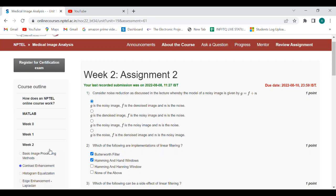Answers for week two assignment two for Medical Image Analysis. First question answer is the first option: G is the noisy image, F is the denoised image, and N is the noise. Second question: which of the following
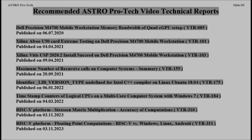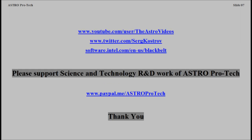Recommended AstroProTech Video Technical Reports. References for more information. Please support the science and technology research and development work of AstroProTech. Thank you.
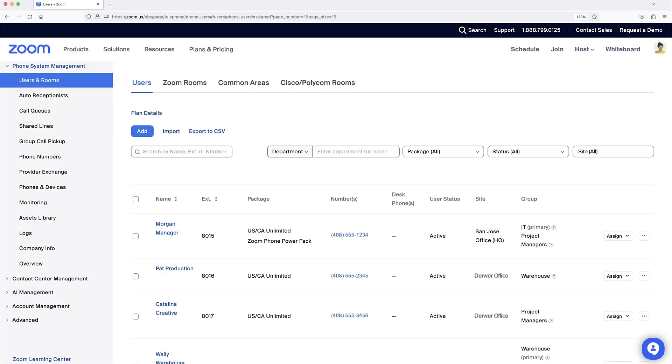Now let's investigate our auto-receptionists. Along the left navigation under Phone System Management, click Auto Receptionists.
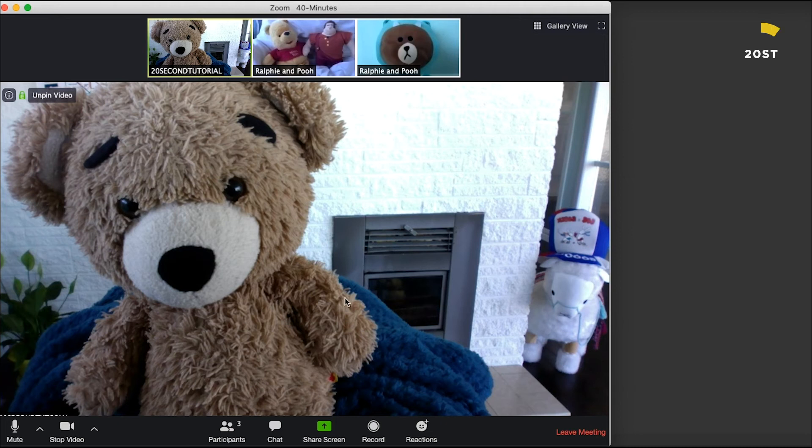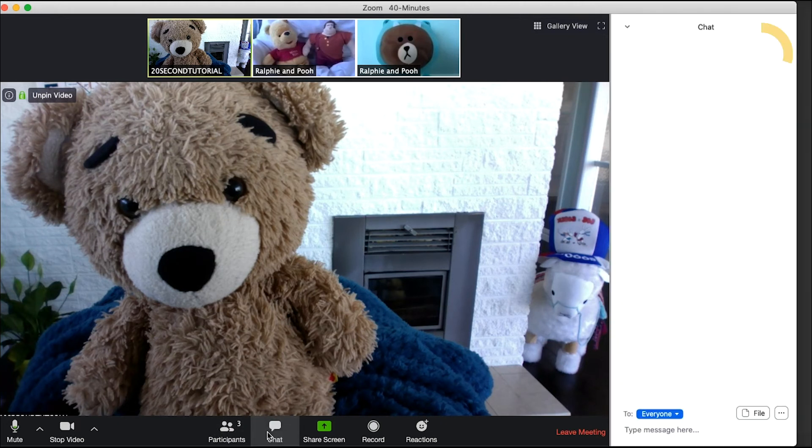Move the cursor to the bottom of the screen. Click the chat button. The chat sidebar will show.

========================================

_Aim of the task_. Please write out, word for word, each line from the one with "Now let's investigate" to the last line of the data, keeping both ends and omitting pictures.

_Output of the exercise_.
Now let's investigate our auto-receptionists. Along the left navigation under Phone System Management, click Auto Receptionists.
Move the cursor to the bottom of the screen. Click the chat button. The chat sidebar will show.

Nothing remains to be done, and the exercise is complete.